12

I was trying to find all files of a certain type spread out in subdirectories, and for my purposes I only needed the filename. I tried stripping out the path component via basename, but it did't work with xargs:

$ find . -name '*.deb' -print | xargs basename 
basename: extra operand `./pool/main/a/aalib/libaa1_1.4p5-37+b1_i386.deb'
Try `basename --help' for more information.

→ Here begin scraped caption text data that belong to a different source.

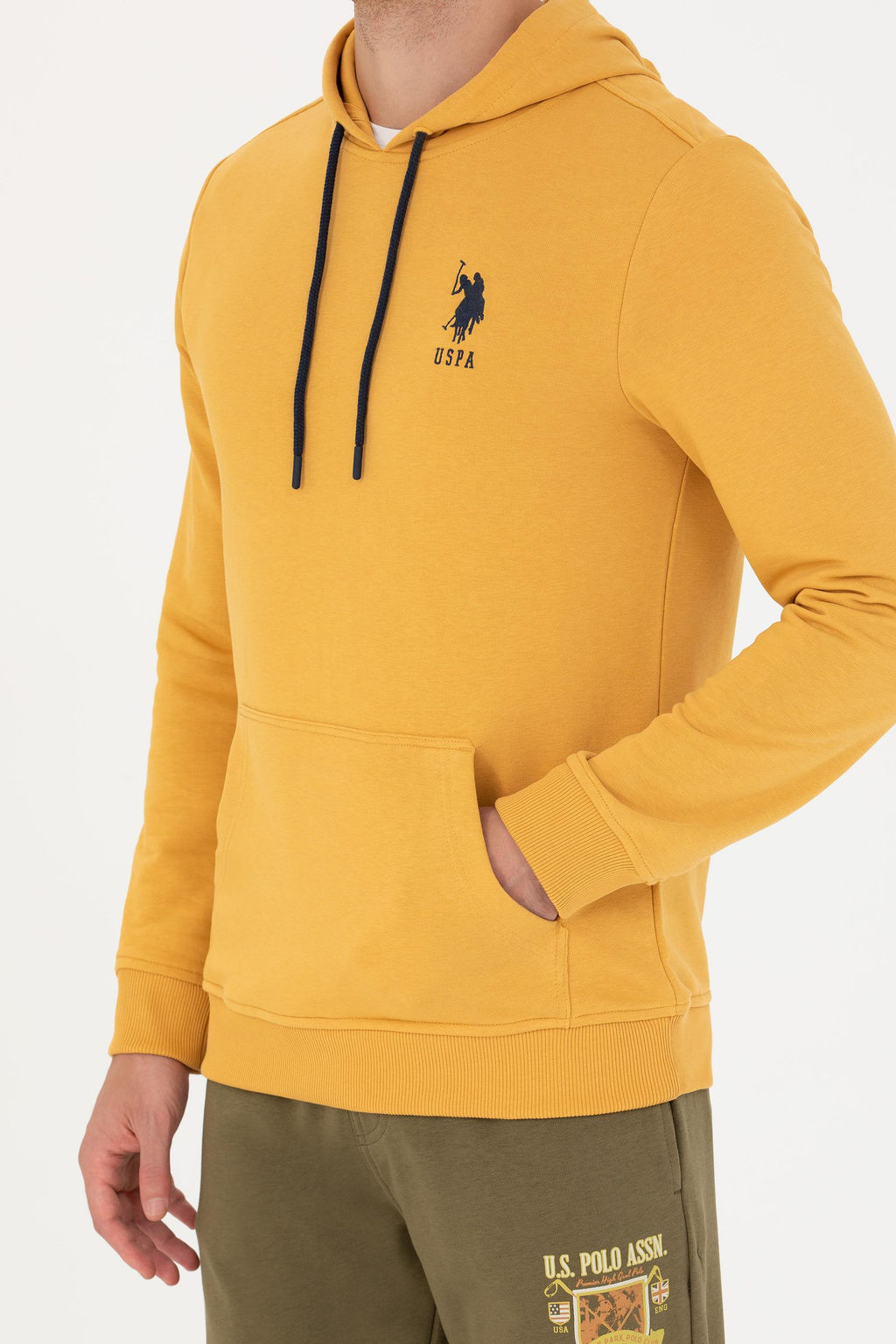 Мужской горчичный базовый свитшот Неожиданная скидка в корзине - U.s. polo assn фото 13
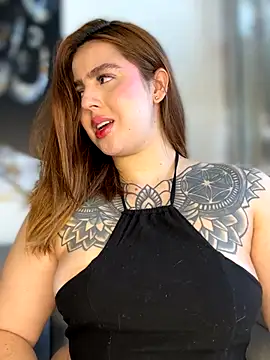 Snapshot of ValerieHilton chatting on October 20, 9:26 pm ValerieHilton online show from October 20, 9:26 pm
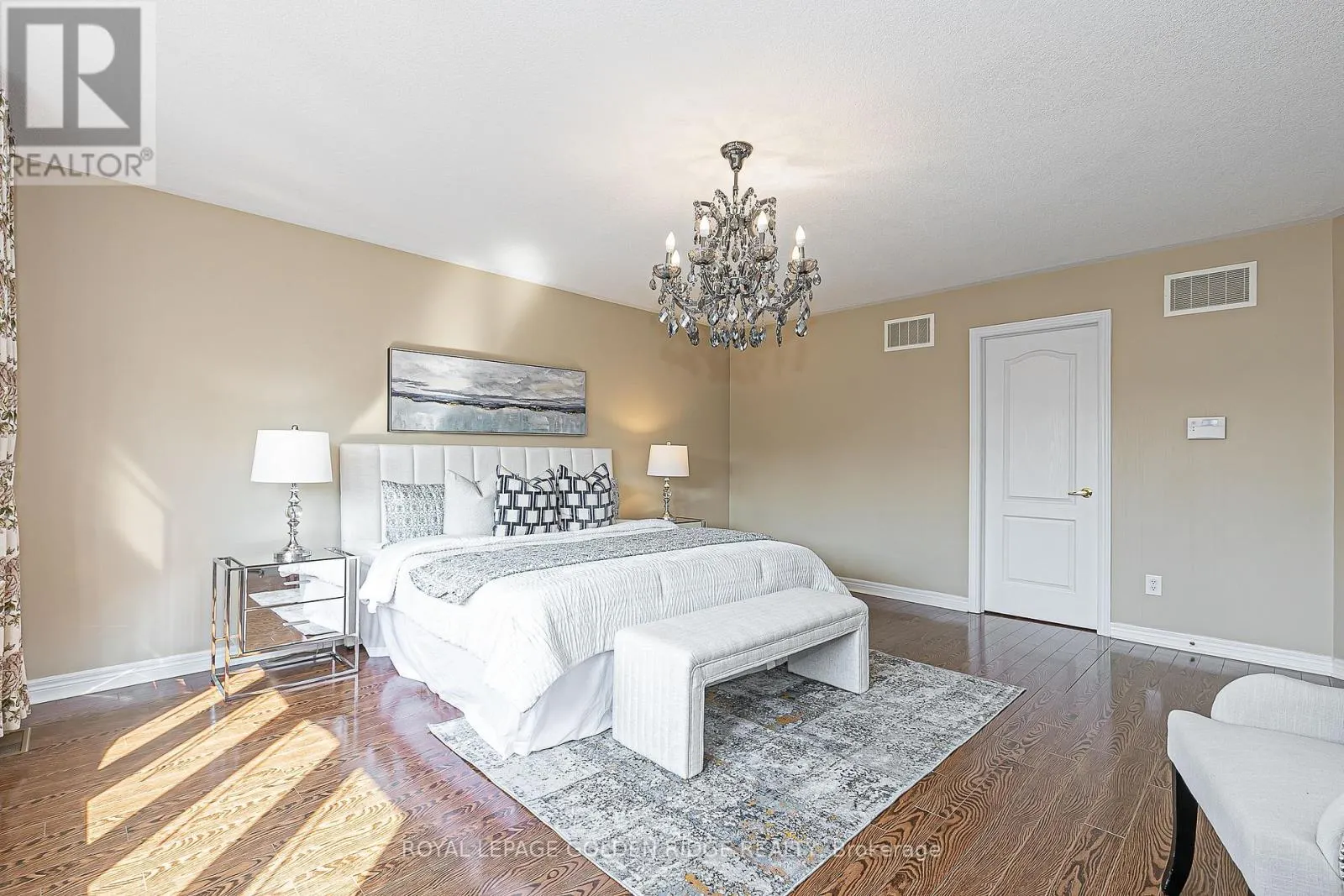12 GOLDEN MEADOW DRIVE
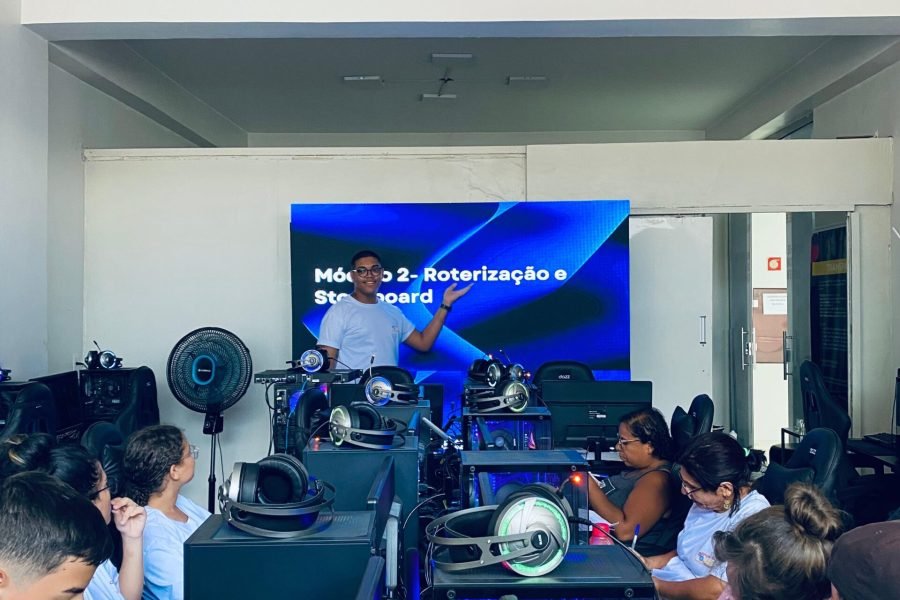 Com cursos gratuitos, jovens do Paranoá e Itapoã investem no futuro digital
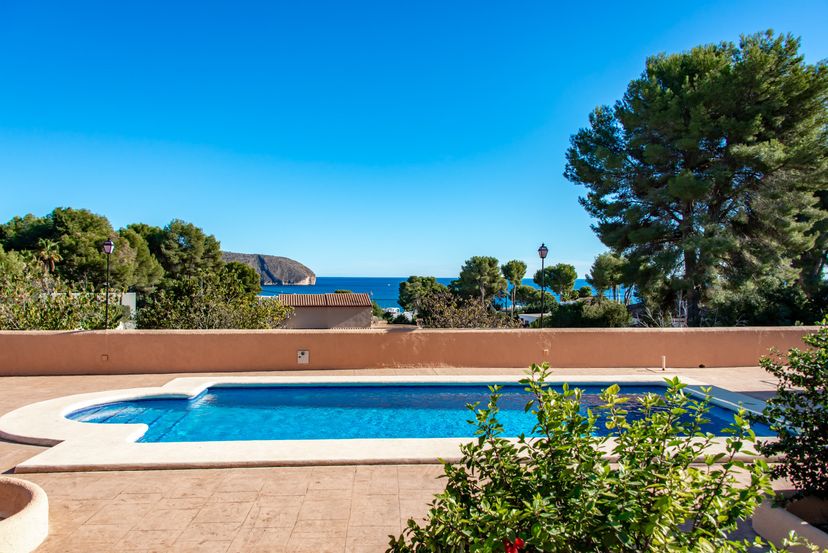 Villa in Spain, Cometa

I get the same thing (exactly the same error) with either of these variations:

$ find . -name '*.deb' -print0 | xargs -0 basename 
$ find . -name '*.deb' -print | xargs basename {}

This, on the other hand, works as expected:

$ find . -name '*.deb' -exec basename {} \;
foo
bar
baz

This happens on up-to-date Cygwin and Debian 5.0.3. My diagnosis is that xargs is for some reason passing two input lines to basename, but why? What's going on here?

quack quixote
  • 43,504

5 Answers5

27

Because basename wants just one parameter... not LOTS of. And xargs creates a lot of parameters.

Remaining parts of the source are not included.